### YOUR ASSIGNMENT
An exact copy of the lines of the listing below between the "Better Stay Here Horse Sculpture" line and the "Indian Wells 2015 Thursday Hot Shot Lopez" line, both included, is the whole answer; please omit the pictures.

### RECORDED DATA

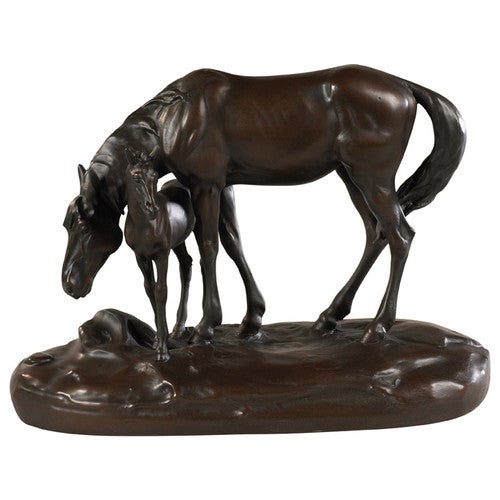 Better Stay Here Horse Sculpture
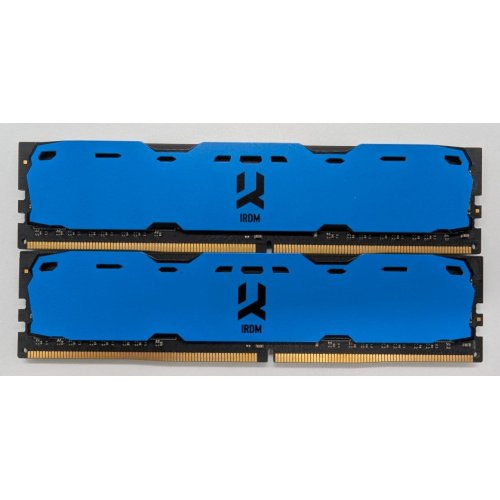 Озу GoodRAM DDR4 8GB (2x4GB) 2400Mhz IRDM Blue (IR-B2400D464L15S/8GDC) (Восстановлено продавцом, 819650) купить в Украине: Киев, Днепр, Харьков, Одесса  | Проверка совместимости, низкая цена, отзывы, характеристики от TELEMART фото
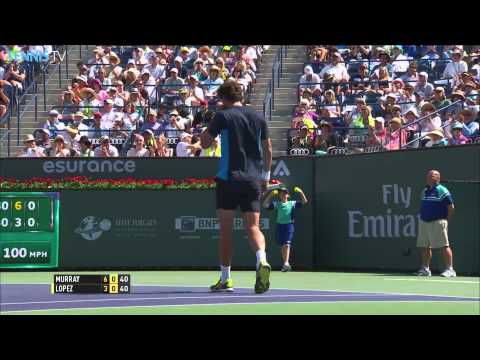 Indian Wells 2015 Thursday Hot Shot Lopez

...

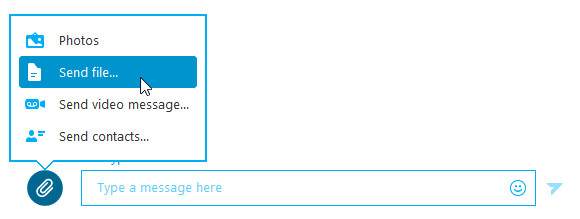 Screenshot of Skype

--

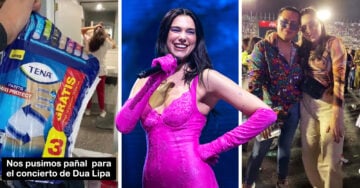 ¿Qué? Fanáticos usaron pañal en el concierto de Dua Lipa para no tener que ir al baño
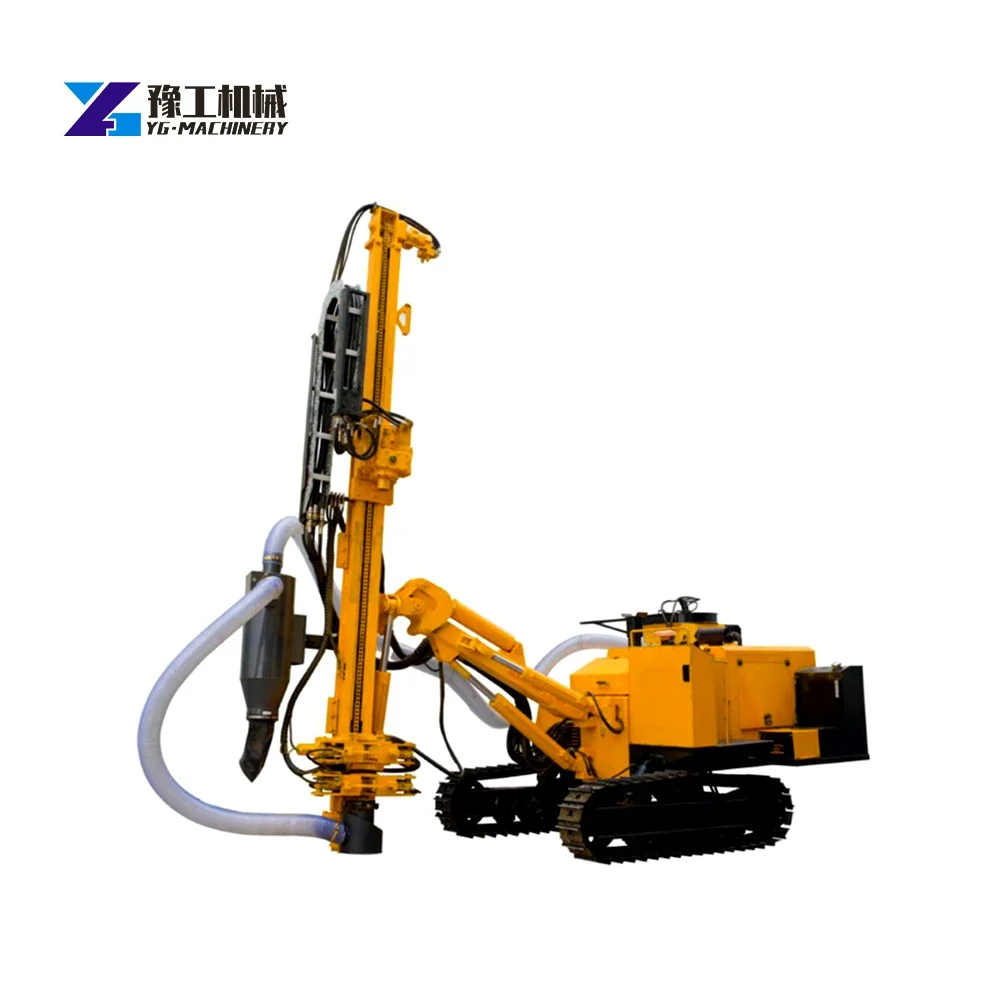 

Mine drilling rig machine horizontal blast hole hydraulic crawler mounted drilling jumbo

### EXERCISE OUTPUT
 Better Stay Here Horse Sculpture
 Озу GoodRAM DDR4 8GB (2x4GB) 2400Mhz IRDM Blue (IR-B2400D464L15S/8GDC) (Восстановлено продавцом, 819650) купить в Украине: Киев, Днепр, Харьков, Одесса  | Проверка совместимости, низкая цена, отзывы, характеристики от TELEMART фото
 Indian Wells 2015 Thursday Hot Shot Lopez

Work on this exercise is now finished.